Forrester recommends prioritizing PQC adoption, leveraging cryptographic tools and partnering with providers specializing in cryptoagility. CISOs must update encryption strategies to avoid vulnerabilities and obsolescence in the face of quantum computing advancements.
Explosion of identities is fueling an AI-driven credential crisis
The proliferation of machine identities surpasses human users, leading to a credential crisis beyond human management capabilities. Forrester emphasizes scaling machine identity management as essential to mitigating emerging threats. Gartner forecasts a significant increase in identity security spending, highlighting the growing importance of AI-powered credential intelligence in enterprise security.
Traditional endpoint approaches are inadequate to address the rising adversarial AI attacks. Ivanti’s AI-driven Vulnerability Risk Rating (VRR) enables organizations to patch vulnerabilities more efficiently, reducing cyber risk and mitigating the impact of attacks.
“Combining AI with Unified Endpoint Management (UEM) is increasingly essential,” said Daren Goeson from Ivanti. “Endpoint devices are essential to modern business operations, but their proliferation increases vulnerability. A comprehensive approach combining UEM with AI-powered tools significantly reduces cyber risk and attack impact.”
Forrester advises security leaders to divest legacy security tools, focusing on integrating platforms that enhance visibility and streamline management.

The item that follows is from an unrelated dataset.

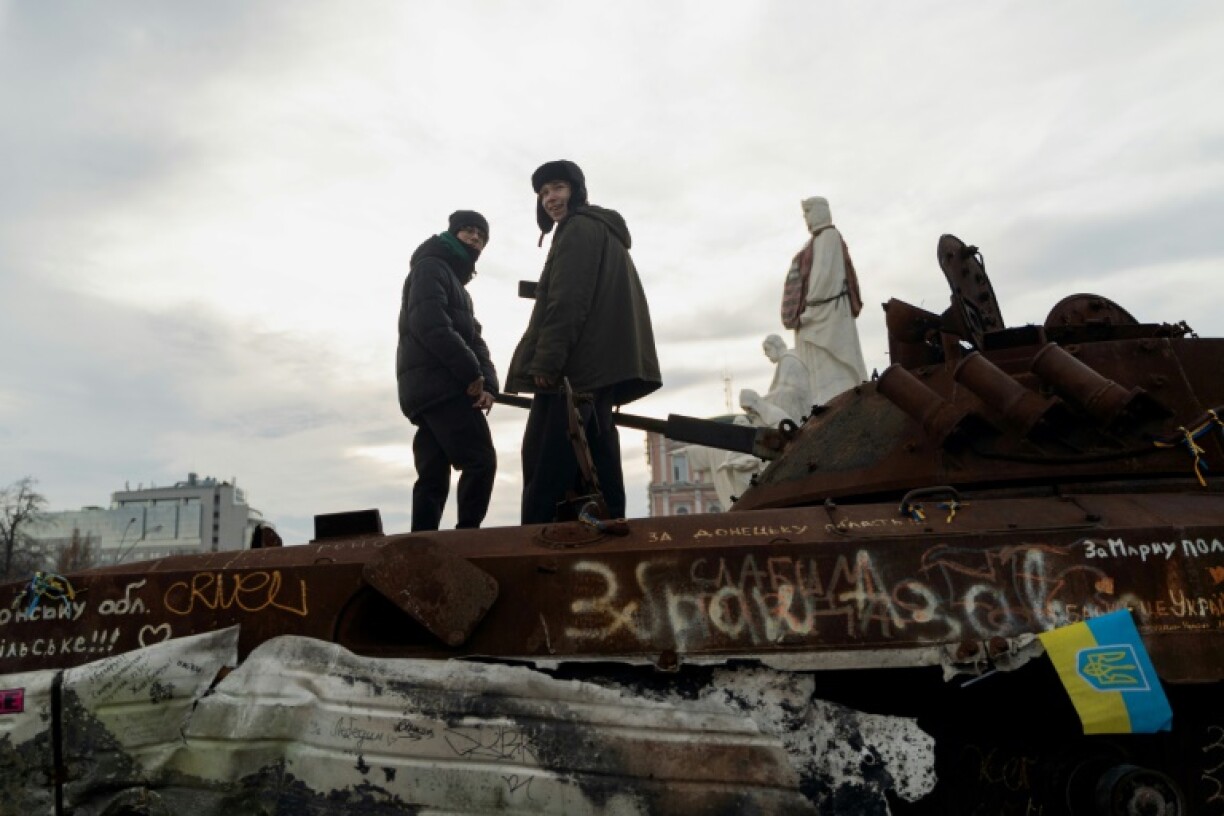 Children climb on a destroyed Russian personnel carrier at an open-air exhibition of destroyed military vehicles on Mykhailivska Square in Kyiv on January 8, 2025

Solutions like Unified Secure Access Service Edge (SASE) and integrated Third-Party Risk Management platforms offer essential consolidation, while automated remediation capabilities are critical for real-time threat neutralization.
CISOs must consolidate security at AI’s inference edge or risk losing control
Consolidating security tools at the inference edge is crucial for the future of cybersecurity, especially in the face of intensifying AI threats. “For CISOs, the playbook is crystal clear,” Rees concluded. “Consolidate controls decisively at the inference edge. Introduce robust behavioral anomaly detection. Strengthen Retrieval-Augmented Generation (RAG) systems with provenance checks and defined abstain paths. Above all, invest heavily in runtime defenses and support the specialized teams who operate them. Execute this playbook, and you achieve secure AI deployments at true scale.”